Çocuk yaşta erken ve zorla evlilikler kadına yönelik şiddetin bir türü, çocuğa yönelik şiddetin bir türü, onunla beraber önemli bir insan hakları ihlali. O yüzden de önemli fiziksel sonuçları var. Psikolojik sonuçlarına gelince de depresyon, travma, sosyal izolasyon gibi birçok korkusu var, birçok sağlık riski ve sonucu var. Cinsel sağlık sonuçları. Çocuk yaşta evliliklerin döngüsüne baktığımızda her şiddet türünden farklı. Sadece fiziksel şiddet, sadece ekonomik şiddet, sadece duygusal şiddet diyebileceğimiz bir şey değil. Bütün şiddeti, türlerini bir döngü içinde barındırıyor ve nesilden nesile aktarılabilen tek şiddet türü yani annede, sonra çocuğunda da olabiliyor ve devam edebiliyor. Neden? Sosyal izolasyon yaşadığı için, eğitimini tamamlayamadığı için, sosyal hayata ve iş olanaklarına katılımında sorunlar, eksikler, kısıtlılıklar olduğu için çünkü çocuk yaşta zaten anne olması itibarıyla kız çocuk için de oğlan çocuk için de farklı riskleri var ama en temel şey sosyal izolasyon, hayata katılamama. Bütün bu konularda çocuk yaşta evliliklerle ilgili 18 yaşından önce evlendirilmiş bir birey ve bir çocuk hangi hizmete nasıl ulaşacak, kime ne soru soracak konusunda da yeterince bilgisi de olmadığı için o hizmetlere erişimi de kısıtlı oluyor. O yüzden de sağlık sonuçları ve sağlık riskleri açısından çok büyük bir sağlıksızlık üretiyor ve bunun kalkınma açısından yükü de büyük. Sadece toplumsal ve sağlık sonuçları yok. Bütüne baktığımızda bütün o kalkınmayla ilgili anlattığımız her şeyi de etkiliyor. Yaşamsal bir sonucu olduğu kadar aynı zamanda onun da ötesinde sonuçları var.

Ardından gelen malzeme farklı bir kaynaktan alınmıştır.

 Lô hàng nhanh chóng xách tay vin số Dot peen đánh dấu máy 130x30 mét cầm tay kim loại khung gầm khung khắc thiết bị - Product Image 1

Çocuk yaşta evliliklerin sağlık sonuçlarıyla ilgili çok sektörlü bir rapor hazırladık, onu sizlerle paylaşmak isterim. Eğer mümkünse bütün Komisyon üyelerimize onlarla ilgili raporları ve şiddetin sağlık sonuçlarıyla ilgili diğer raporları da iletmek isteriz.
Çok teşekkür ederim.
BAŞKAN MUSTAFA HULKİ CEVİZOĞLU - Bugün getirseniz daha iyi olabilir miydi acaba?
BİRLEŞMİŞ MİLLETLER NÜFUS FONU PROGRAM MÜDÜRÜ EMİNE KUZUTÜRK SAVAŞ - Biz bugün 24 kişilik bir set hazırlığı... Çok kişi olacağını düşününce emin olamadık ama bizzat kendi ellerimle kargoları hazırlayacağım çünkü bu raporların hepsi çok ülke temsiliyetli olan raporlar.
BAŞKAN MUSTAFA HULKİ CEVİZOĞLU - Ev yapımı gibi olacak. Yani ellerinizle hazırlayacaksınız, ev yapımı kek gibi olacak biraz, güzel.
BİRLEŞMİŞ MİLLETLER NÜFUS FONU PROGRAM MÜDÜRÜ EMİNE KUZUTÜRK SAVAŞ - Vallaha, artık işte, bugün getirememenin eksikliğini inşallah tamamlarız.
BAŞKAN MUSTAFA HULKİ CEVİZOĞLU - Bir tane örnek var mı yanınızda, hani 24 kişiye hazır değil ama bir örnek var mı yanınızda?
BİRLEŞMİŞ MİLLETLER NÜFUS FONU PROGRAM MÜDÜRÜ EMİNE KUZUTÜRK SAVAŞ - İnternet sitemizden "web" sayfalarımızdan erişilebilir.
BAŞKAN MUSTAFA HULKİ CEVİZOĞLU - Onu zaten okurduk internetten.
BİRLEŞMİŞ MİLLETLER NÜFUS FONU PROGRAM MÜDÜRÜ EMİNE KUZUTÜRK SAVAŞ - "unfba.org/tr"de hepsi var, bütün rehberlerimiz ve şeylerimiz var ama hemen yarın da bizzat kargo haricinde de getirebiliriz, teslim edebiliriz, hiç sorun değil.
BAŞKAN MUSTAFA HULKİ CEVİZOĞLU - Tamamdır, peki.
BİRLEŞMİŞ MİLLETLER NÜFUS FONU PROGRAM MÜDÜRÜ EMİNE KUZUTÜRK SAVAŞ - Bu Komisyon raporunda da veri olarak, tanıklıklar olarak oradaki raporlardan destek alınması bizim için çok önemli olur.
Ben son raddede girip anlattığım için, sağlık riskleri ve sonuçlarını izin verdiğiniz için teşekkür ediyorum.
BAŞKAN MUSTAFA HULKİ CEVİZOĞLU - Çok teşekkür ederiz.
BİRLEŞMİŞ MİLLETLER NÜFUS FONU PROGRAM MÜDÜRÜ EMİNE KUZUTÜRK SAVAŞ - Sağ olun.
Çok da önemli bir soru sorduğunuz için ayrıca size de Sayın Başkanım teşekkür ederim.